Package free produce
We made another trip to Minimal Waste Grocery on Saturday, as usual! We noticed that people do their groceries at this bulk store in two different ways. Some people bring many (half empty) jars to top them up with the exact amount for one week. Others bring a smaller amount of larger jars to fill them completely.
We prefer to do the latter. It’s less of a hassle bringing less jars, and we just bring a jar of a particular size that we’re sure we’ll finish before the produce spoils. For some products, our containers simply aren’t large enough. That’s why you’ll find pasta in our shopping list more often.
This week, we bought the following organic produce:
- whole grain penne pasta
- whole wheat flour
- ground turmeric
Zero waste meals
Though most meals we made were zero waste, I just had to share a few as they made me intensely happy! They’re all vegan, of course 🙂
On Monday, I made tortillas by hand. It’s fairly easy – all you need is water, flour and a pinch of salt – but takes a lot of time to do! We filled them with spinach, bell pepper, courgette and roasted squash. As a sauce, I made a waste free no-cheese dip, cheesified by nutritional yeast bought package free from Minimal Waste Grocery last week. It also contained water, coconut oil, flour, salt, pepper, and smoked paprika. I honestly can’t wait to bake a lasagna with this sauce on top!

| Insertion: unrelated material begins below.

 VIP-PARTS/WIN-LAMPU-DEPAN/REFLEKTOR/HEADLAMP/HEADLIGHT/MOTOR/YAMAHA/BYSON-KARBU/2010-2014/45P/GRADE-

The only plastic used for this meal (I know, not zero waste but we’re nearly there) came from a bag of spinach which from now on, we can eliminate!

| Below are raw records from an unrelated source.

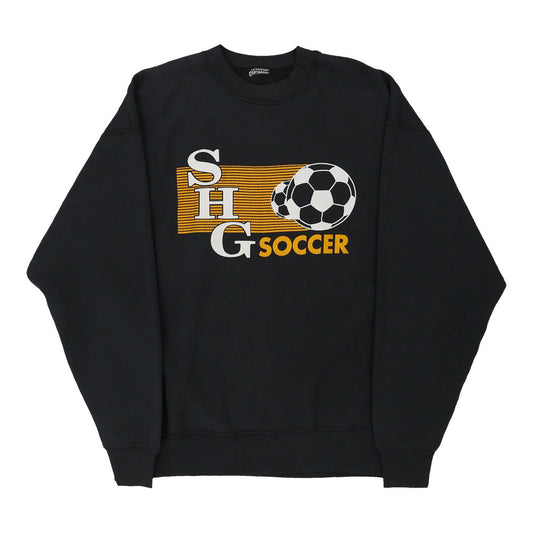 Vintage black SHG Soccer Unbranded Sweatshirt - mens large
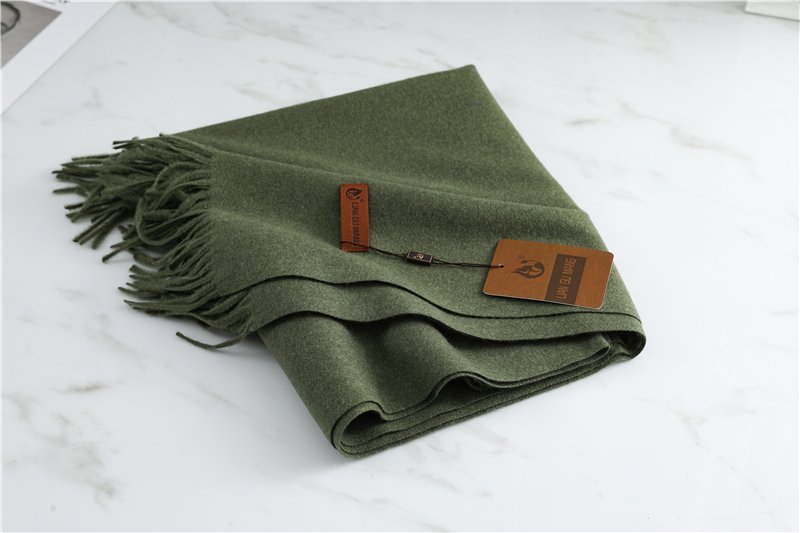 2022 Winter Cashmere Scarf Women Thick Warm Pashmina Shawls Wraps Solid Color Tassel Lady Blanket Echarpe Bufanda Hijab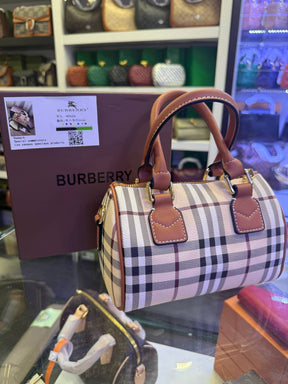 Sac Mini Check Bowling Bag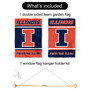 Illinois Fighting Illini Window and Wall Banner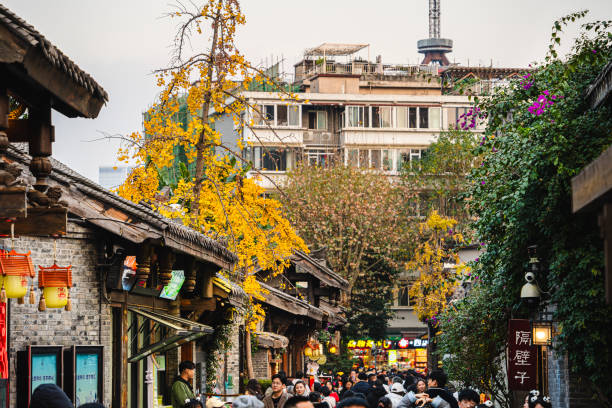 istock Chengdu Cityscape, China 2127028547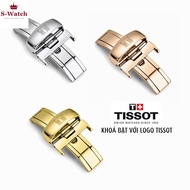 Anti-folding Butterfly Buckle Leather Strap Watch With Tissot logo, Color-Plated Stainless Steel Buckle - K2101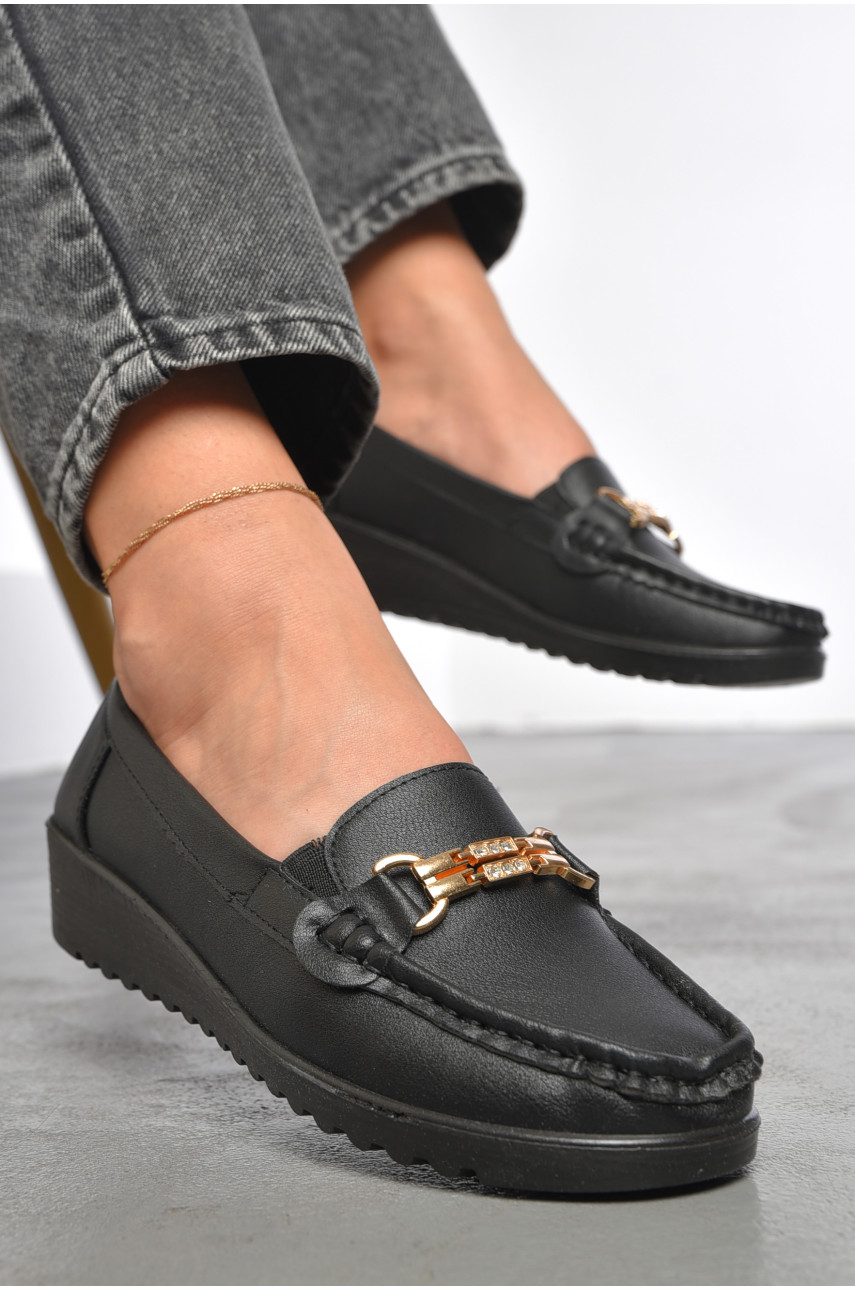 Лофери жіночі чорного кольору 6025 187642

On Friday, I spent some time on YouTube and stumbled upon Niomi Smart’s new video recipe. Since it included kale, which we had delivered the day before, I couldn’t resist making it. It also called for butternut squash and chickpeas, and we still had both at home. It was yum!
Sunday morning pancake time! For months now, we haven’t bought dairy-free milk alternatives. Milk cartons, also known as Tetra pak, contain many materials. And we still don’t know whether they’re better or worse for our environment than plastic bottles. We simply avoid buying them because good for our planet, they’re certainly not. Making pancakes with water, or adding a mashed banana, is definitely an option. But having milk makes them quite a bit creamier. Jordy made this Sunday’s pancake batter with a can of low fat coconut milk combined with some water, and it worked out just the way we wanted! The pancakes were smooth and soft, but didn’t taste like coconut at all!
We topped them with a chocolate spread made from peanut butter, mashed banana, and cocoa powder. We didn’t finish the spread entirely, so we mixed some oats and water through it to enjoy later that day. ‘Overday’ oats, I guess 😉
Products we bought with plastic and general waste
This week, we bought four items that contained recyclable or non-recyclable, single use plastic. In Ireland, flimsy plastics (like foils and wrappers) are not currently recycled.
- Dried garlic in glass jar with plastic lid
- Dried rosemary in glass jar with plastic lid
- Toilet paper in plastic packaging
- Peanut butter in glass jar with plastic lid (we’re reusing the jar, usually we buy metal lid jars)
- Pine nuts in a plastic bag
The toilet paper was necessary and fully unavoidable. We bought a pack of 12 rather than 4-8 rolls as to minimize the surface area and hence the non-recyclable plastic packaging. The plastic lid on the peanut butter jar was definitely not necessary. We could’ve bought our usual Whole Earth PB but saw this cheaper one and fell for it. We won’t do that again, we can afford the others.
Dried herbs and spices are difficult for us to find, however. We can get a few of them at Minimal Waste Grocery, but certainly not all. Our favorites include garlic, smoked paprika, rosemary, chili flakes, and a good Italian herb mix. We really have to find a store where we can find a wider selection of spices and herbs! What we did find, after buying a bag of them in the supermarket, is pine nuts. Guess we won’t have to buy those in a plastic bag after all!